Podríamos creer que el aburrimiento es pereza, pero es más bien un síntoma. Indica que hemos perdido el equilibrio entre acción y reflexión, ruido y silencio, presencia y dispersión. En una cultura que idolatra la productividad, el descanso sin propósito parece una pérdida. Y, sin embargo, ahí se renueva el espíritu y recupera continuidad.
Reeducar la atención es una necesidad. El tiempo de no trabajo no debería ser un descanso vacío, sino una oportunidad para cultivar el espíritu. Recuperar el ocio en su sentido clásico —actividad formativa y creadora— es quizás la tarea más urgente. Se trata de aprender a estar presentes, a permanecer en lo que hacemos y a resistir la tentación de la dispersión.

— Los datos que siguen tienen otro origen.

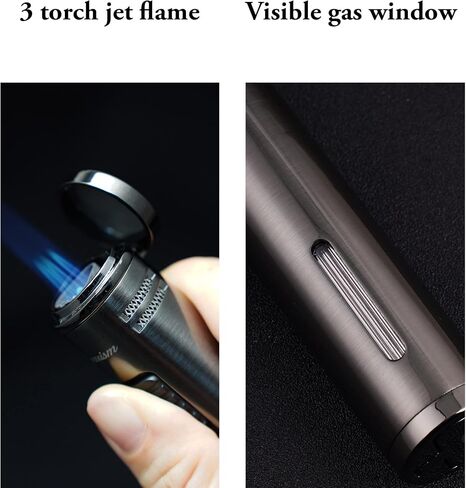 Triple Torch Jet Flame Cigar Lighter, Windproof Outdoor Camping Lighter, Cigar Punch (Gloss Silver) in Saudi Arabia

El aburrimiento funciona como un espejo. Nos muestra hasta qué punto hemos dejado de habitar el tiempo
En este marco, el aburrimiento funciona como un espejo. Nos muestra hasta qué punto hemos dejado de habitar el tiempo. También puede ser una llamada: la ocasión de detenernos y preguntarnos si la forma en que vivimos corresponde al sentido que deseamos para nuestra vida. Quizá por eso inquieta tanto: porque obliga a mirar de frente aquello que preferimos posponer.
Al final, todo se reduce a esto: reconciliarnos con el tiempo. Comprender que no es algo que pasa fuera de nosotros, sino lo que somos mientras vivimos. Que el tiempo no se gestiona como un recurso ni se mide en productividad, sino que se habita como experiencia. Y que solo cuando lo llenamos de presencia, de atención y de continuidad, deja de ser una sucesión vacía para convertirse en lo que verdaderamente es: nuestra forma de estar en el mundo.
Habitar el tiempo, entonces, no es apretar más la agenda, sino ensanchar el alma. Es conceder a cada instante la dignidad de ser parte de una historia mayor —la nuestra—. Cuando aceptamos esa tarea, el aburrimiento pierde su dominio y el tiempo recupera su verdad: la de un don finito que merece ser vivido con hondura, como si cada día fuera —de nuevo— el primero.
Jesús Baiget Pons es profesor de Filosofía Contemporánea y Filosofía Política en la Universidad Francisco de Vitoria.